Seperti apa penjelasan lebih lengkap dari ketiga hal di atas dan seperti apa kerangka kerja coaching, yang kemudian membedakannya dengan pendekatan lain?
Tulisan ini dibuat untuk menjelaskan konsep dasar dari coaching dan berbagai hal yang berhubungan dengannya, termasuk menjelaskan kerangka kerja coaching dan peruntukkanya di berbagai aspek.
Selamat membaca.
DARI MANA COACHING BERMULA
Mempelajari coaching tentu tidak lengkap jika kita tidak mengetahui sejarahnya, maka kita akan memulainya dari memahami sejarah singkat tentang coaching terlebih dahulu.
Ada banyak versi tentang ‘dari mana coaching ini bermula’, namun satu yang cukup populer adalah awal mula disematkannya istilah ‘coach’ itu sendiri, dimana dalam versi ini dikisahkan bahwa istilah ‘coach’ mulai digunakan pada tahun 1830 di Oxford University.
Kala itu istilah ‘coach’ disematkan sebagai istilah informal untuk para pembimbing yang membimbing para pelajar dan mahasiswa untuk bisa lulus ujian.

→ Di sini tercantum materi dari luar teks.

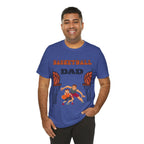 Adult Dad Basketball Son Graphic T-Shirt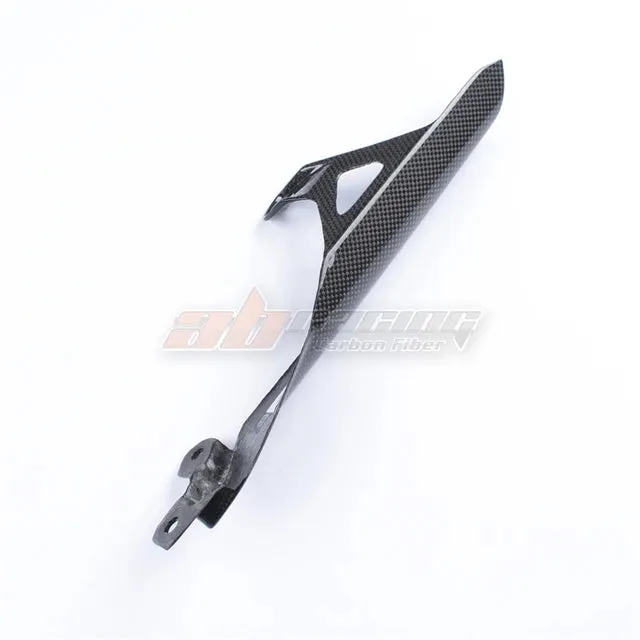 Rear Upper Chain Guard Mud Cover Fairing Cowl For Ducati Monster 1200/1200S 2017  Full Carbon Fiber 100%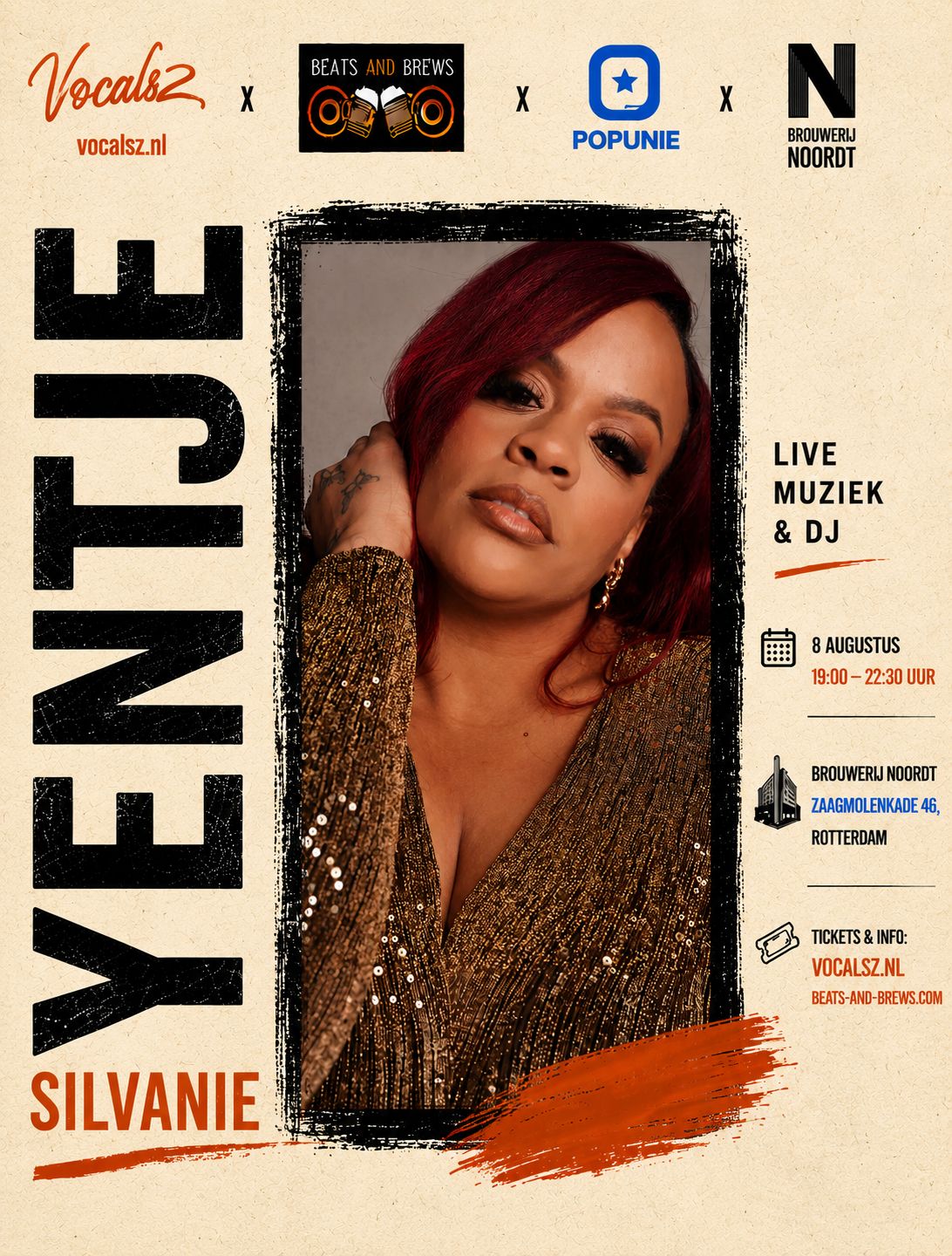 Yentje Silvanie poster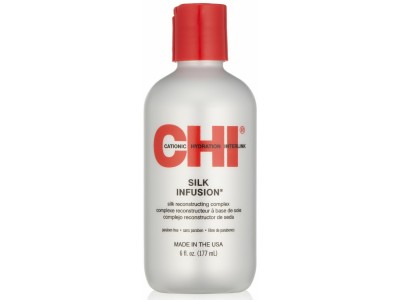 CHI Infra Silk Infusion - Гель восстанавливающий «Шелковая инфузия» 177 мл
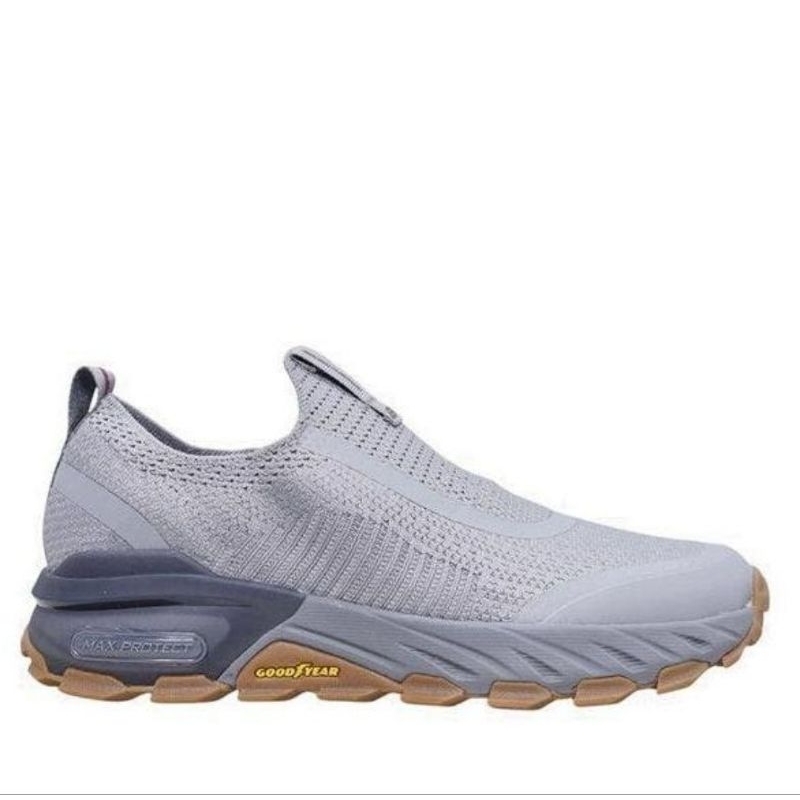 Skechers Max Protect Men's Slip On Goodyear - Grey Original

Dari proses ‘membimbing seseorang untuk bisa lulus ujian atau melewati tantangan’, makna dari coaching ini kemudian berkembang lebih jauh menjadi ‘sebuah proses mengantarkan seseorang dari titik tempatnya berada saat ini menuju titik ideal yang diharapkannya’, terutama sejak dipopulerkannya istilah coaching di dunia olahraga pada tahun 1861, dimana istilah coaching mulai berkembang menjadi ‘proses melatih dan mengembangkan potensi seseorang dari kondisinya saat ini untuk bisa memenuhi kriteria ideal yang dipersyaratkan di peran yang dimainkannya’.
Waktu berlalu, pada tahun 1971 seorang penyuka tenis yang bekerja di bidang pendidikan di Amerika yang bernama Timothy Gallwey, mengambil cuti dan di masa cutinya ia mengambil pekerjaan sebagai pelatih tenis profesional di Kalifornia. Dalam aktivitasnya melatih para pemain tenis inilah, ia mendapati satu temuan yang menjadi cikal-bakal dari coaching profesional.
Gallwey pada awalnya mempraktikkan pendekatan instruktif dalam melatih (coaching) para pemain didikannya, dimana dalam pendekatan ini pelatih memberikan instruksi dan pemain mengikuti instruksi pelatih, jika pelatih mendapati pemain tidak menampilkan proses ideal yang seharusnya maka pelatih memberikan instruksi untuk pemain ikuti supaya mereka bisa memperbaiki prosesnya.
Pada suat hari Gallwey menyimpulkan bahwa gaya coaching instruktifnya membuat para pemain didikannya lebih fokus pada instruksi dan bukan pada kemampuan alami mereka yang bisa membantu mereka bermain dengan lebih luwes.
Di titik ini Gallwey lalu mengubah pendekatannya dalam melakukan coaching, ia yang semula hanya fokus pada instruksi teknis mulai lebih banyak mengeksplorasi cara berpikir para pemainnya, proses coaching yang awalnya berisikan instruksi agar para pemain mengikuti detail instruksi yang diberikan beralih menjadi proses coaching yang membangun kesadaran para pemainnya akan cara bermain mereka sendiri melalui serangkain proses tanya-jawab interaktif: coach bertanya dan pemain menjawab. Gallwey mulai lebih banyak melibatkan para pemain untuk menyadari cara mereka bermain, baik dari segi mental emosional atau pun keahlian teknisnya, dan menghubungkannya dengan potensi pribadi mereka, dengan cara ini ia mendapati bahwa bahkan pemain amatir sekali pun bisa mengembangkan insting dan keahlian alaminya secara lebih luwes dibandingkan pemain berpengalaman yang hanya fokus pada instruksi spesifik.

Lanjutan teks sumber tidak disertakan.